(EXERCISE MATERIAL)
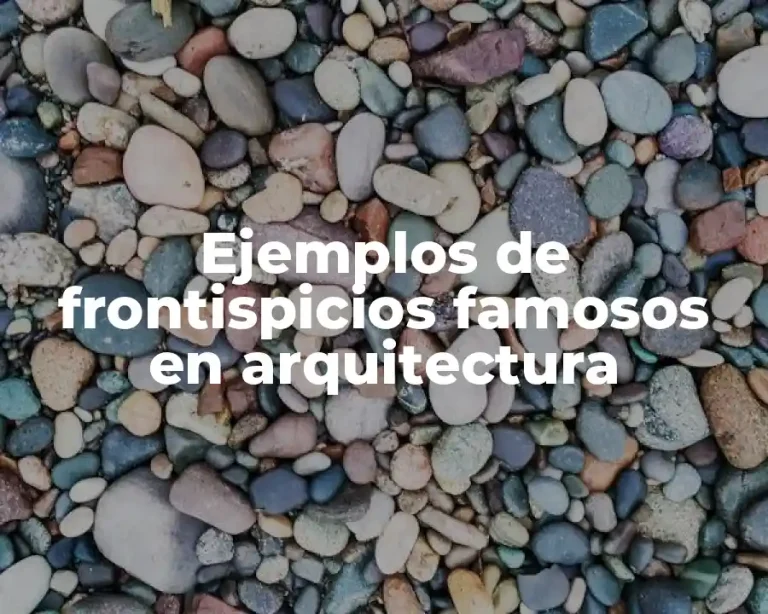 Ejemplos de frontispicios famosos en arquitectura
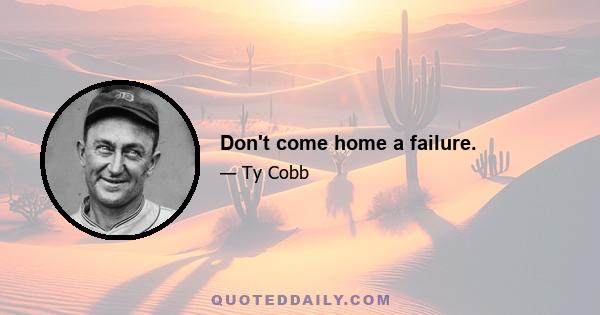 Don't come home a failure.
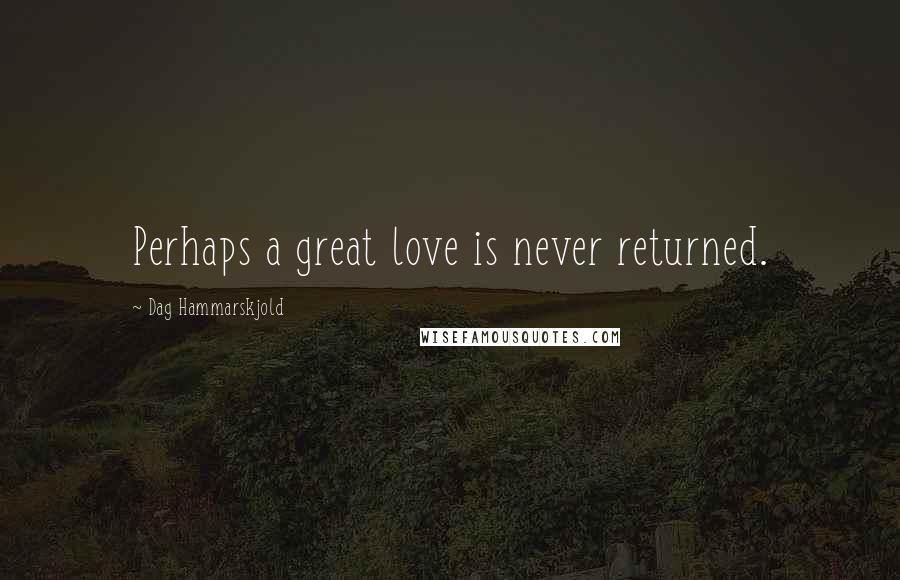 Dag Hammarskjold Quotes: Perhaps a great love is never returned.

...

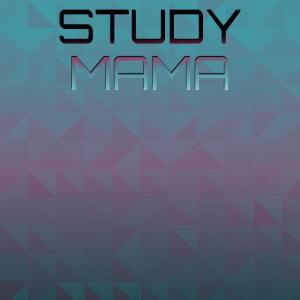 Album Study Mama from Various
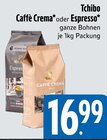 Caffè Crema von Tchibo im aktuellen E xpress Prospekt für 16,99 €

(PROBLEM)
Give again the stretch of the entries above that begins at the line with "Ejemplos de frontispicios" and ends at the line with "Dag Hammarskjold Quotes: Perhaps", word for word, with no pictures.

(SOLUTION)
 Ejemplos de frontispicios famosos en arquitectura
 Don't come home a failure.
 Dag Hammarskjold Quotes: Perhaps a great love is never returned.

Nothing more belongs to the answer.